# Is this method of finding the expected value of the square a random variable correct?

Suppose x is a discrete random variable with values 2,3,1 and probabilities 0.2,0.3, and 0.4 respectively. NOw say we have the function y=x2+3 and we want to find the expected value of this equation. So, in my opinion, we first have to square all the values of x so they become 4,9 and 1 and then multiply them with their respective probabilities and then add them all up and in the end, just add 3 to the answer.

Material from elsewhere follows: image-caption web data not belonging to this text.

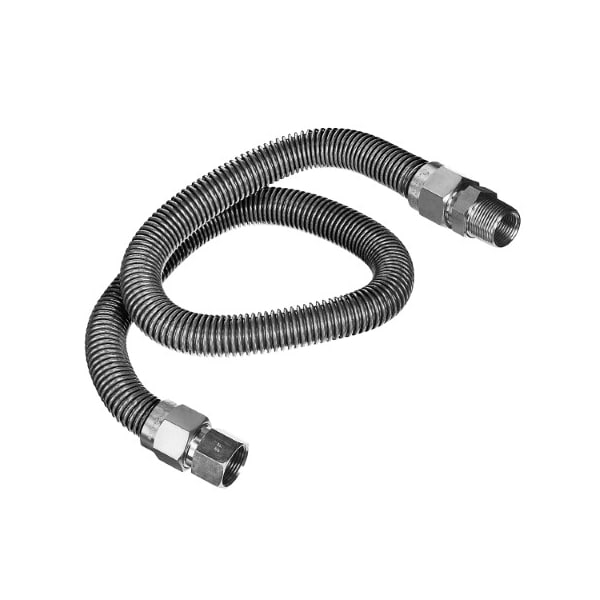 Flextron Gas Line Hose 5/8'' O.D. x 72'' Length 3/4" FIP x MIP Fittings, Stainless Steel Flexible Connector FTGC-SS12-72P - main
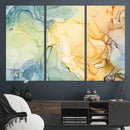 Green and Yellow Marble Fluid Effect Wall Art, Green and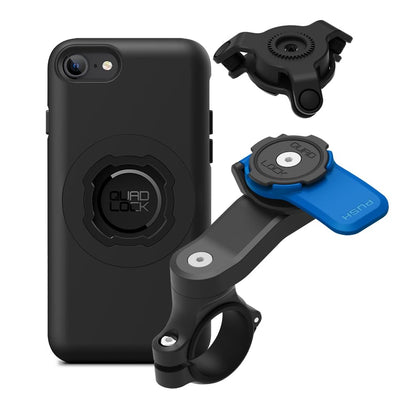 Quad Lock Motorcycle Handlebar Mount Kit with Vibration Dampener and MAG Phone Case for iPhone 17 Pro Max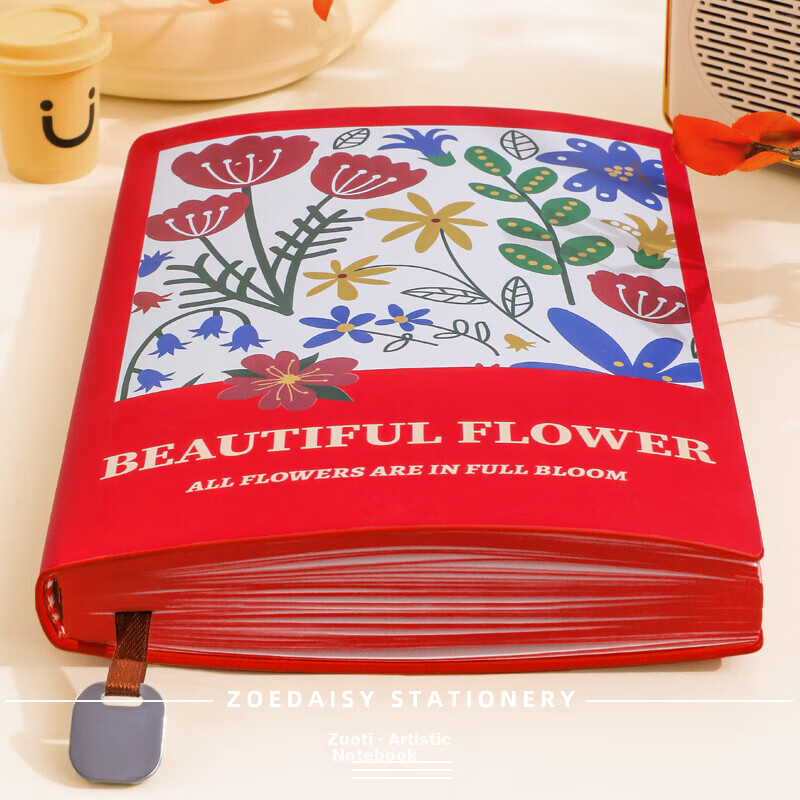 Zuoti [Free Engraving] A5 Floral Notebook Thickened High-Quality Journal Diary Planner Office Meeting Stationery Student Exam Customizable Blue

This works out to give the answer 6.9, but my teacher at the university solvedthis question another way. He said that since x2 is just x times x, the expected value of x squared should be the E(x) times E(x) so we can just multiply the value of x with its probability and then add em all up and then square the answer. This gives the answer 5.89. So which way is correct?

I'm pretty sure that the way I think it should be done is correct so if it is, then I'm gonna have to confront my teacher about this matter. And I just know that he'll state the rule that the expected value of the product of two or more random variables is equal to the product of their individual expected values. How do I explain to him why this rule doesn't apply here?

I think it is because of the rule applies to two different random variables, but here x is the same random variable.

• Just to clarify, you're calculating $\bar{y}$ rather than $\langle y \rangle$. You're calculating the average value of y over a sample, rather than the expected value of y – gazza89 Oct 16 '18 at 12:27
• en.wikipedia.org/wiki/Law_of_the_unconscious_statistician – Kodiologist Oct 16 '18 at 12:58
• @Ferdi hmm.. can you elucidate? – NoLifeKing Oct 16 '18 at 16:09

$$E[X]=\sum_i x_i f(x_i)$$
$$E[X^2]=Var[X]+E[X]^2$$
We can see that in general $$E[X^2] \neq E[X]^2$$, unless $$Var[X]=0$$